D'autre part, il n'est pas certain que les promesses faites hier en
Italie, si elles deviennent effectives, permettront de passer à côté de
la catastrophe. L'accumulation du CO2 dans l'atmosphère et
l'accélération du réchauffement sont telles que les températures
pourraient quand même grimper à un niveau catastrophique, signant par
exemple le glas des banquises et des immenses zones côtières menacées
par la montée des eaux. Les huit années d'immobilisme de
l'administration Bush ont déjà fortement réduit la marge de manoeuvre
face au changement climatique. Reste à espérer que les efforts
consentis hier par les grands de ce monde permettront de limiter les
dégâts."
LA PRESSE DE LA MANCHE
Jean Levallois
"(...) Dans un monde en crise, où il s'agit d'éviter un désastre à
l'économie, l'idée de Silvio Berlusconi de réunir le G8 à L'Aquila,
parmi les ruines encore agitées de tremblements sismiques, est
évidemment plus que symbolique. Il n'est pas certain que les réfugiés
du tremblement de terre aient vu d'un très bon oeil l'arrivée des
puissants du monde au coeur de leur misère et de leur colère. Reste que
le cadre insolite choisi a le mérite de rappeler l'urgence qu'il y a
pour tous à trouver des solutions aux besoins de notre époque et pour
tous les peuples.(...)"
LA VOIX DU NORD
Hervé Favre
"(...) Aujourd'hui, dans l'économie mondialisée, le bon format est le
G20 tel qu'il s'est réuni à Londres en avril et se retrouvera à
Pittsburgh en septembre. Rien ne peut se faire désormais sans la Chine,
l'Inde, le Brésil, le Mexique, l'Afrique du Sud* et tous ces pays
émergents qui, additionnés aux huit pays les plus riches, forment 90 %
du PIB mondial. Ce qui est vrai sur le plan économique l'est encore
plus dans la lutte contre le réchauffement climatique, autre priorité
au menu du sommet de L'Aquila. On ne peut qu'applaudir l'engagement
annoncé hier soir par le G8 de diviser par deux les émissions mondiales
de gaz à effet de serre d'ici à 2050 par rapport à 1990, et de +80 % ou
plus+ celles des pays industrialisés afin de limiter le réchauffement
global à 2 °C. Mais qu'en pense le Chinois Hu Jin Tao, très gros
producteur de CO2, reparti précipitamment chez lui pour cause
d'affrontements ethniques dans la région du Xinjiang?"

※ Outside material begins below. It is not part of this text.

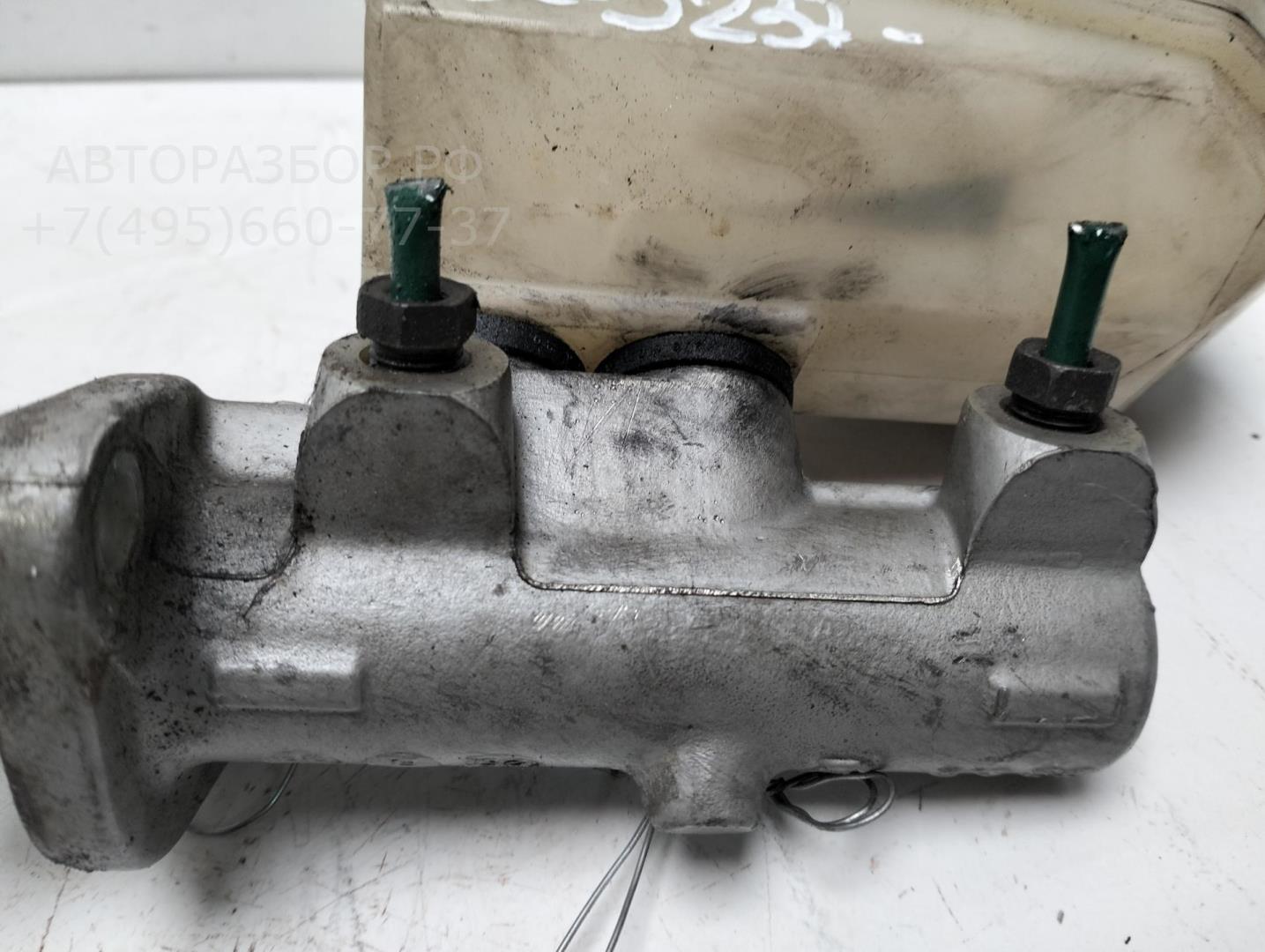 Цилиндр тормозной главный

LA REPUBLIQUE DES PYRENEES
Jean-Marcel Bouguereau
"(...) Compromis encore entre les partisans de la discipline
budgétaire, comme l'Allemagne, ou ceux qui insistent sur la nécessité
de soutenir encore une conjoncture chancelante, comme les Etats-Unis,
ceux-ci pouvant en effet s'apprêter à lancer un nouveau plan de grands
travaux pour soutenir la conjoncture. Que comprendre au projet de
déclaration commune, lorsque les dirigeants du G8 évoquent dans la
foulée des "signes de stabilisation" de l'économie, tout en assurant
que "les effets de la crise économique sur les marchés du travail
peuvent remettre en cause la stabilité sociale" ? Autre revers : Les
discussions sur le climat, puisque le projet de déclaration ne fait pas
mention d'un objectif de réduction de moitié des émissions de gaz à
effet de serre d'ici 2050. Renoncer à un objectif de réduction des
émissions de gaz à effet de serre d'ici 2050 équivaut à "un suicide
écologique", a estimé mercredi le climatologue français Jean Jouzel,
vice-président du Groupe international d'experts sur le climat (GIEC).
Il reste encore deux jours pour sortir de ce chantier de ruines."